California North Coast wine grape growers get last grapes in before hard frost

This year’s wine grape harvest in Mendocino and Lake counties ended with a close call.

After a season buffeted by early frost and late extreme heat and rain, some of the last deliveries of fruit from the northernmost counties of California’s North Coast appellation arrived at wineries just before a potentially ruinous “hard freeze” that descended on the area Nov. 4, according to wine grape brokers and vintners.

“For the most part, it was serendipitous that the fruit finally got ripe (at the end of October),” said Christian Klier, who connects grape buyers and sellers in the region for Novato-based Turrentine Brokerage. “A few were forced to harvest prior to the event to avoid the frost.”

Glenn Proctor, a partner of San Rafael-based grape and bulk-wine brokerage Ciatti Co., said he doesn’t think the freeze will have any effect on the harvest, as it is basically over.

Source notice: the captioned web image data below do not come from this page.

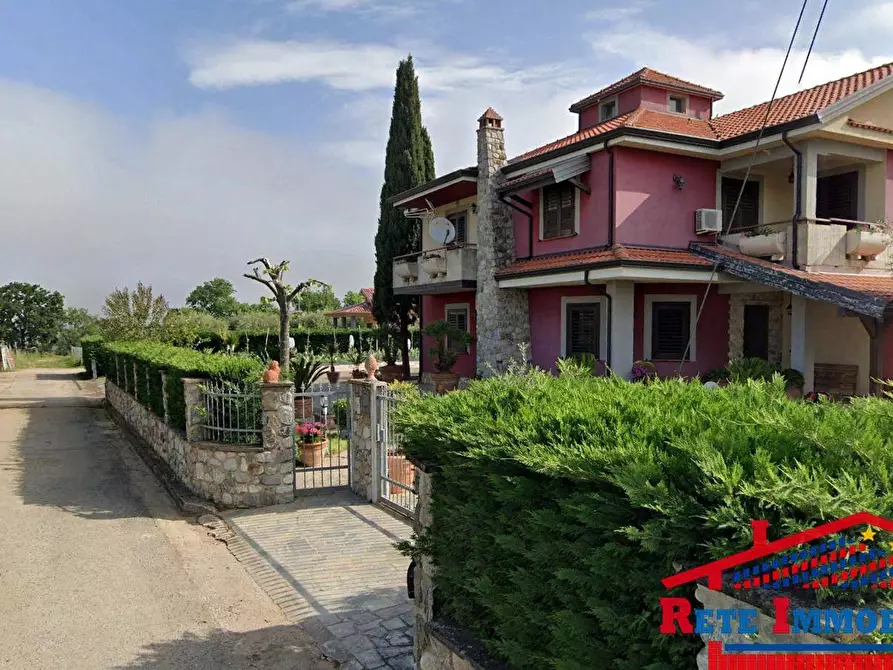 Immagine 1 di Villa in vendita  in Valleotta a Altilia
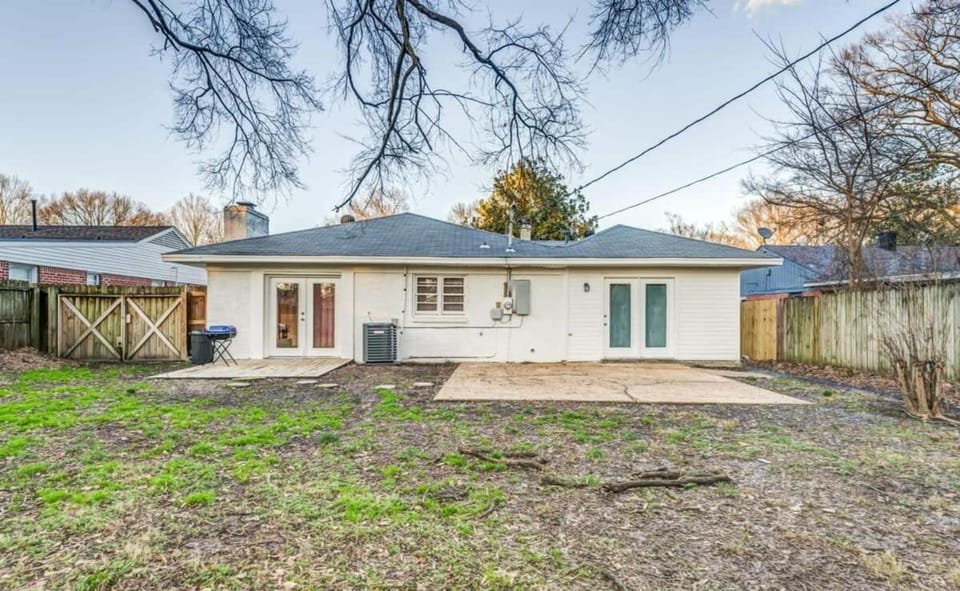 Property building, Day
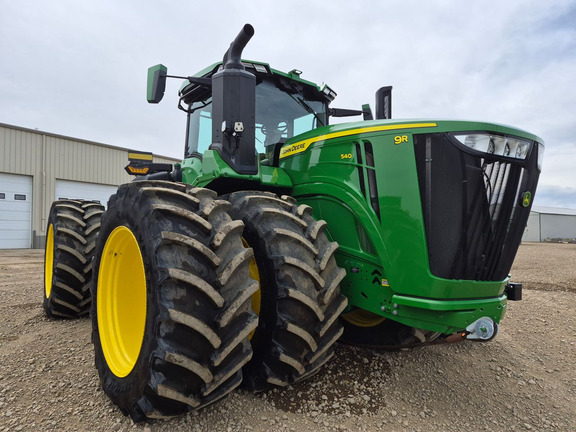 Used 2023 John Deere 9R 540 Articulated 4WD Tractors at Horizon Ag & Turf in St. Paul, AB - Photo5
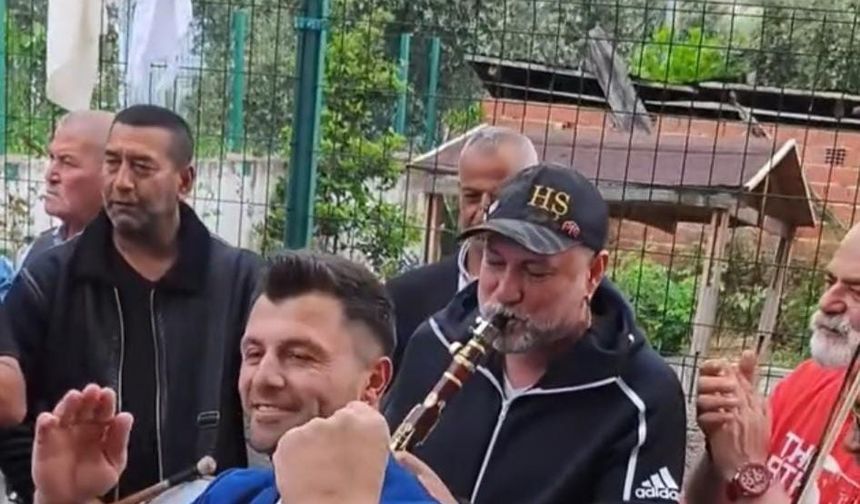 Hüsnü Şenlendirici İznik’te klarnetiyle coşturdu!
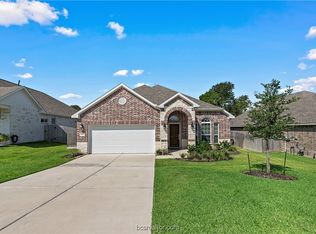 200 Racetrack Ln, Montgomery, TX 77356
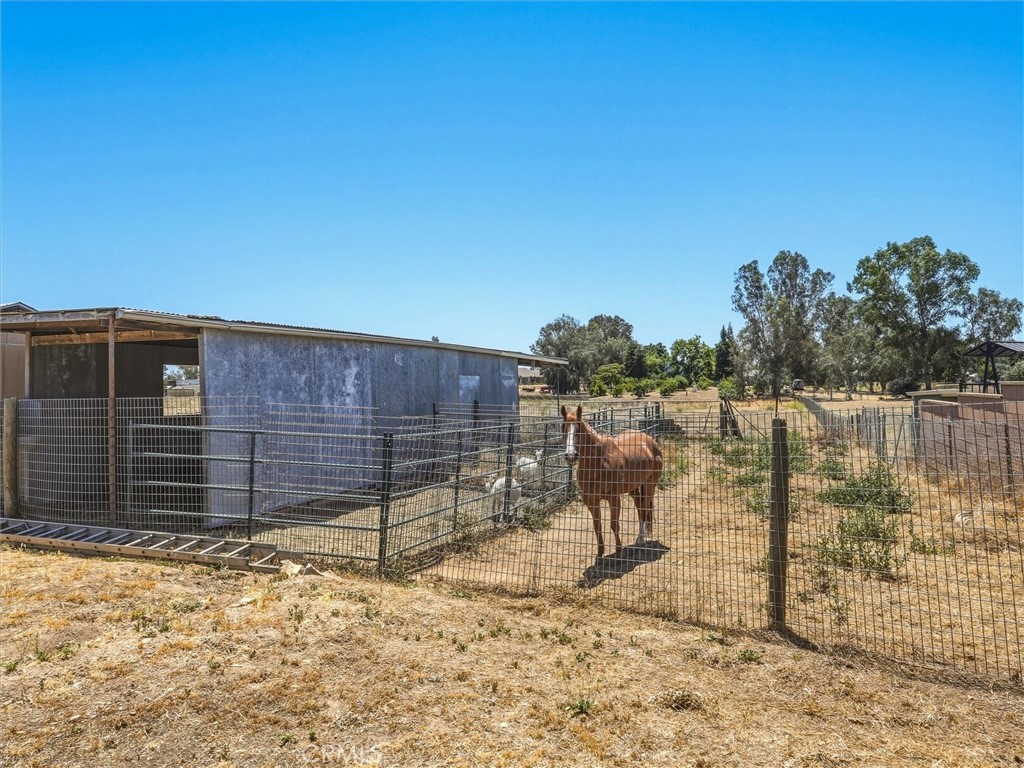 30664 Donald Ave, Madera, CA 93636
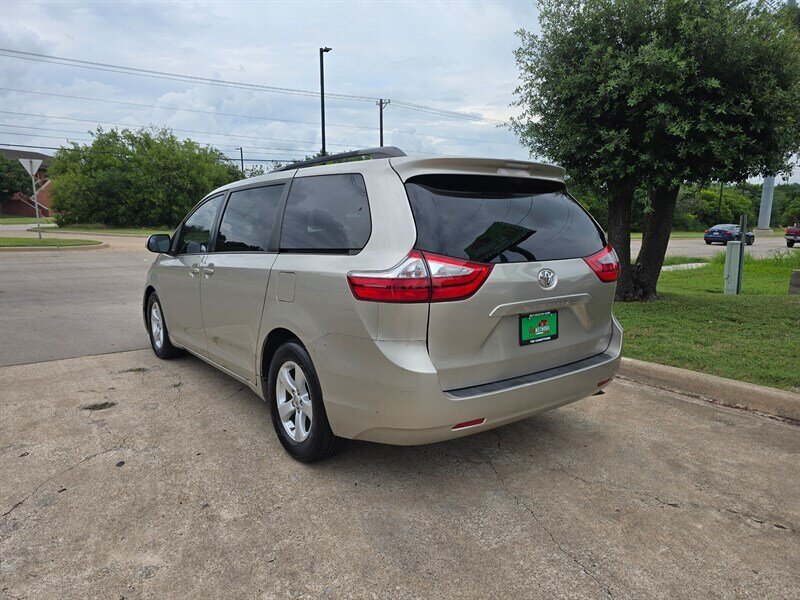 2016 Toyota Sienna LE Mobility 7-Passenger - Photo 6 - Garland, TX 75042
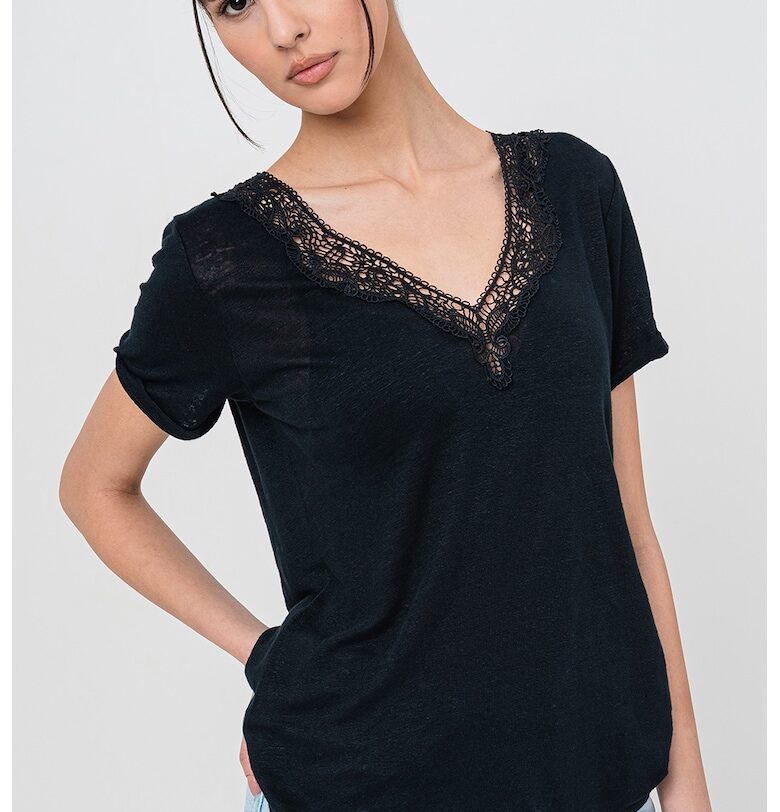 Ленена тениска Elaria с шпиц и бродерия BOSS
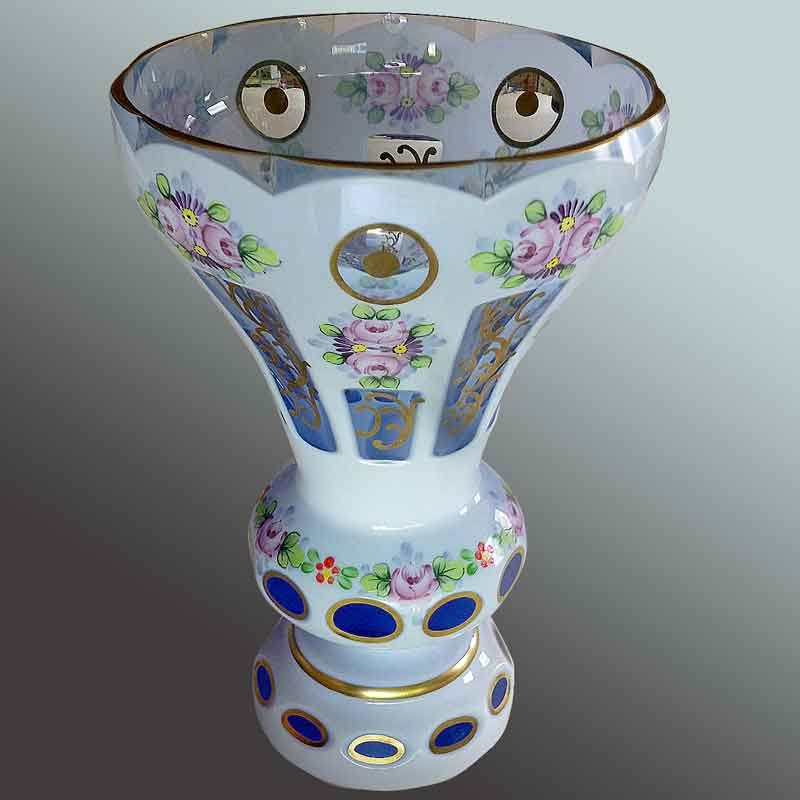 Vase en cristal overlay opaline blanche
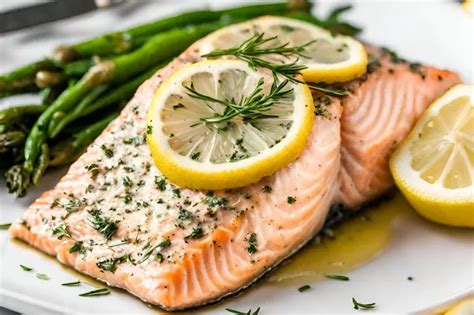 Salmón al horno con hierbas y rodajas de limón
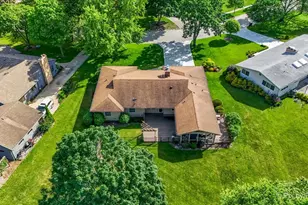 340 Hilkert Ct, Crystal Lake, IL 60014 - Photo 43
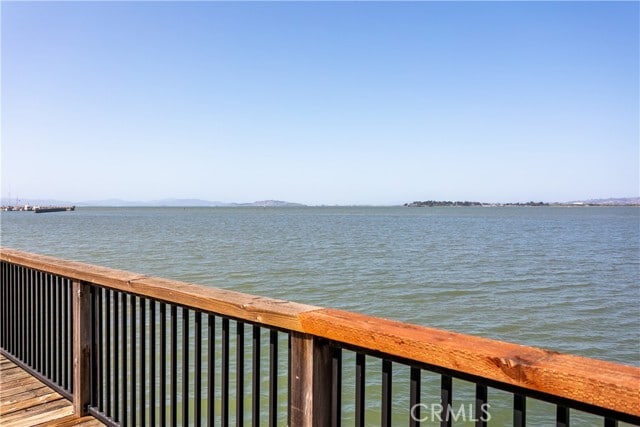 Building Photo - 8 Commodore Dr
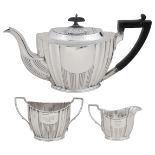 A VICTORIAN SILVER THREE-PIECE TEA SET, LEE & WIGFULL LTD., SHEFFIELD, 1898/99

Signs of a chilly cap to the season came a few weeks before the season wrapped. The first National Weather Service warning of cold temperatures for parts of Lake, Mendocino and northern coastal California counties came Oct. 22.

But then came a forecast for an unseasonal cold snap together followed by rain the first week of November. The weather service on Nov. 2 issued a hard-freeze warning — likely temperatures below 28 degrees Fahrenheit — for all of Lake County and eastern Mendocino County just before dawn Nov. 4.

“It clearly indicated that cold, wet weather was coming, and growers said they needed to be done,” said Bill Pauli, general manager of Yokayo Wine Co., a winery with 2.3 million gallons of storage just north of Ukiah. “Everybody made it.”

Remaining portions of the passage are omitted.